(Note: scroll to the bottom to watch the replay of our Secret Supper meeting)
Copywriting — the act of putting words on a page (or a screen) specifically for the purposes of marketing something — isn’t a skill that you’re born with. (Even if you’re somewhat talented in the words department.) There are still loads of things to learn — and unlearn.
For example, you’ve got to learn about basic copy structures and the different elements that go into them.
Remember in school when you learned about the basic essay structure? It looked like this:
- Thesis statement/opening paragraph – state your argument (e.g., the sky is blue).
- Evidence Paragraph 1 (e.g., because molecules in the air scatter blue light from the sun more than they scatter red light.)
- Evidence Paragraph 2 (e.g., John Tyndall discovered that when light passes through a clear fluid holding small particles in suspension, the shorter blue wavelengths are scattered more strongly than the red)
- Evidence Paragraph 3 (e.g., the amount of light scattered is inversely proportional to the fourth power of wavelength for sufficiently small particles. It follows that blue light is scattered more than red light by a factor of (700/400)4 ~= 10.)
- Summary/Wrap-up paragraph (e.g., and that’s why the sky appears blue)
Yawn. You can see why we don’t write this way for marketing.
In copywriting, you’ve also got a basic structure — or what I call, “The Starter Recipe” (see image, above).
The order in which you address these ingredients isn’t crucial (although the call to action certainly needs to be your last word), but the elements themselves are important.
If you find your copy falls flat, it’s usually because you don’t truly know your ingredients.
For instance, if you’re struggling to understand why your Ideal Client hasn’t been able to solve their problem yet, it’s most likely because you haven’t done enough research.
You need to ask them. Talk to them. Listen to them. Eavesdrop if you can (hint: social media is fabulous for this).
Surveys and focus groups are a great starting point. But don’t rely solely on them for your answers. (People don’t always tell the truth. See this post for more on that.)
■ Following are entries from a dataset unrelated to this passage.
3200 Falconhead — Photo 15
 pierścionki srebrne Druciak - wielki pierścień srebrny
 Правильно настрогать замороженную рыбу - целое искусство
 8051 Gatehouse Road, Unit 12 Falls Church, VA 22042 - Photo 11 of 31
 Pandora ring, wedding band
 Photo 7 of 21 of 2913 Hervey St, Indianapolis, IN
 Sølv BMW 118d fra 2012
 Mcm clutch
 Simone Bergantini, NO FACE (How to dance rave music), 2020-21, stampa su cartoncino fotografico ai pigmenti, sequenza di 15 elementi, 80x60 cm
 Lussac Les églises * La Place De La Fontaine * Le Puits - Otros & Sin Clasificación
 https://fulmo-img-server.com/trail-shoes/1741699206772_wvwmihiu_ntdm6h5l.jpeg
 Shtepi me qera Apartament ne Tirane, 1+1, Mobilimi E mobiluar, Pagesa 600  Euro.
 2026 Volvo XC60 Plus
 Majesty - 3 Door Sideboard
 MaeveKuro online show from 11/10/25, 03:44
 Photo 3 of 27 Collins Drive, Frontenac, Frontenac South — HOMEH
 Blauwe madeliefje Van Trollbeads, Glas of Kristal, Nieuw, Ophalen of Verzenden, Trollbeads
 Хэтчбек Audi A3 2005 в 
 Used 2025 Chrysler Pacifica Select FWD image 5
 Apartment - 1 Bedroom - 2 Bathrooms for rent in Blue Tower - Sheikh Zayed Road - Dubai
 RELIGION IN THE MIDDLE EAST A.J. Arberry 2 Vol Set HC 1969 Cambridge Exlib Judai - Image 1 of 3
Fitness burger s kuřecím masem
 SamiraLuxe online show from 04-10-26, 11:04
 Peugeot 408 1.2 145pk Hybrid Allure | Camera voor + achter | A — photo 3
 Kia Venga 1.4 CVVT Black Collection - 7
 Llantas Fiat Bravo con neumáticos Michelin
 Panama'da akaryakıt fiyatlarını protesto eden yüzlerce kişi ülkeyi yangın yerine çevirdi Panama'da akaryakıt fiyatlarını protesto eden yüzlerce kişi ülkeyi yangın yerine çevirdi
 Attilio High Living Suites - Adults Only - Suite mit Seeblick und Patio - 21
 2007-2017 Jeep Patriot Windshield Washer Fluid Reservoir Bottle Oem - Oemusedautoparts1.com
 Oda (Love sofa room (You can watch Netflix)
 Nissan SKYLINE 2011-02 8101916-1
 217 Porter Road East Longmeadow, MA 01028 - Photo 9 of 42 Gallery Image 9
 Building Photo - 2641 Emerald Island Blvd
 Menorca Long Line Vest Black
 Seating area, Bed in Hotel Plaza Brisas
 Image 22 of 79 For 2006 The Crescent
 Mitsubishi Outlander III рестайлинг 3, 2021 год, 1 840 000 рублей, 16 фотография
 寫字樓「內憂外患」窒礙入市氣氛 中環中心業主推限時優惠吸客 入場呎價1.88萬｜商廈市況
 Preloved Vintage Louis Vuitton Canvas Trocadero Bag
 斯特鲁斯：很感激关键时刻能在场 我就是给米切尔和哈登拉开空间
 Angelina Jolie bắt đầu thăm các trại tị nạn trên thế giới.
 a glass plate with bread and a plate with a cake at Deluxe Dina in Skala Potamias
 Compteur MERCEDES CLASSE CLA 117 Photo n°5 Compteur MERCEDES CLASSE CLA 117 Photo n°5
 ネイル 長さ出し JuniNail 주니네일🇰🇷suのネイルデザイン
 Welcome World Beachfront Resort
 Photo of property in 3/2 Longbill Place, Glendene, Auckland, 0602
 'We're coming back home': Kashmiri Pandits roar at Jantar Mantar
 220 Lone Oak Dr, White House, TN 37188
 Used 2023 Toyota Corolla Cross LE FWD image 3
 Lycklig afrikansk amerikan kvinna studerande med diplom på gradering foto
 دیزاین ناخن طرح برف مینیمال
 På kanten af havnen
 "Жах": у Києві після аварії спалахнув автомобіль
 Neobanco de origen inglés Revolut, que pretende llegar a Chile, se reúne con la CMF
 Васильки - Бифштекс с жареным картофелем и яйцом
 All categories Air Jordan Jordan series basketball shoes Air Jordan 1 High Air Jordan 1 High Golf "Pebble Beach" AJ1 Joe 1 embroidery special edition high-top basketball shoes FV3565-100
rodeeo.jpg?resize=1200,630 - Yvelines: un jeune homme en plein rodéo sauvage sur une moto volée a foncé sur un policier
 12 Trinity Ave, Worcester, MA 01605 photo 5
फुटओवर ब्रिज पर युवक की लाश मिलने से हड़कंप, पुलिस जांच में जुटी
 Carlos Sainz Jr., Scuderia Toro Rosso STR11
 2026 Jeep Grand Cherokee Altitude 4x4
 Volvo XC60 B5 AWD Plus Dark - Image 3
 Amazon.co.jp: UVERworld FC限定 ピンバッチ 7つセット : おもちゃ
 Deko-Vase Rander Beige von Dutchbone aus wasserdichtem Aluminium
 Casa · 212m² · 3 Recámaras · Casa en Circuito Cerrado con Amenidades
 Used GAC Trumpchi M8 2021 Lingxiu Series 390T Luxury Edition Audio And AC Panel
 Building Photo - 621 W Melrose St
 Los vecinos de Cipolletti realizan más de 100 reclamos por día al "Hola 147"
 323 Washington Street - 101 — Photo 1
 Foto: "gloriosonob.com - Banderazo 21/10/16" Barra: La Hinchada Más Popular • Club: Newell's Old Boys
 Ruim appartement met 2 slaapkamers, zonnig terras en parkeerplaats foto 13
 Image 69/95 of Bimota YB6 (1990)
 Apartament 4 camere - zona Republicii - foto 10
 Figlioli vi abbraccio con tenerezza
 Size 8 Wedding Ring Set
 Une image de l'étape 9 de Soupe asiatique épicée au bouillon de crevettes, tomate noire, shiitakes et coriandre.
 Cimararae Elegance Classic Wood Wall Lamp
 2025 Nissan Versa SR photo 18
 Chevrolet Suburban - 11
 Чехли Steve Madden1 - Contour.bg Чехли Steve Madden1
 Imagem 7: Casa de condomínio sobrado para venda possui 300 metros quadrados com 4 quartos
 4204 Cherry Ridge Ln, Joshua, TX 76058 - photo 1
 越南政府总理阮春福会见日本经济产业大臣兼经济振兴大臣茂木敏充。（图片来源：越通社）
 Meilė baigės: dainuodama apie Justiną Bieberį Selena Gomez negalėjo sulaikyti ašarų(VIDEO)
You’ll have to watch and listen. Pretend you’re an objective observer. Play the scientist.
For me, that means paying close attention to the comments of a blog or a social media post — even if that post isn’t mine.
It also means keeping running notes on the various topics I’m trying to help clients with (research is never done!).
Once you’ve got your five ingredients down pat, the next step isn’t to pop out a beautiful sales page, fully formed. (C’mon, you don’t need that kind of pressure.)
It’s time to write a letter to my ideal client. (Her name is Julia.)
Yes, my ideal client has a name and I’ve built a profile or persona for her (something I also add to on a regular basis as I discover new things about her). To me, she feels like a real, flesh-and-blood person.
I know her struggles and her background. What she likes to listen to on the radio. What kind of books she reads and how she feels about the current president.
Did I make it up? Some of it, sure.
But many times, the pieces of Julia’s life come directly from what I observe online and in the wilds of real life.
Julia is a collection of traits, psychology and demographics of multiple people.
And when I’ve got all this in my head, it allows me to write directly to her (instead of trying to write to an entire group).
The Next Parts Get Easier
Here’s your permission slip to unlearn most of those grammar rules that were pounded into you in school.
In your marketing copy, you can pretty much ignore things like prepositions and dangling participles.
Then I look for repetition. Am I using the same word in two adjacent sentences? Can I make my point in a different way? (Hint: Thesaurus.com is your friend.)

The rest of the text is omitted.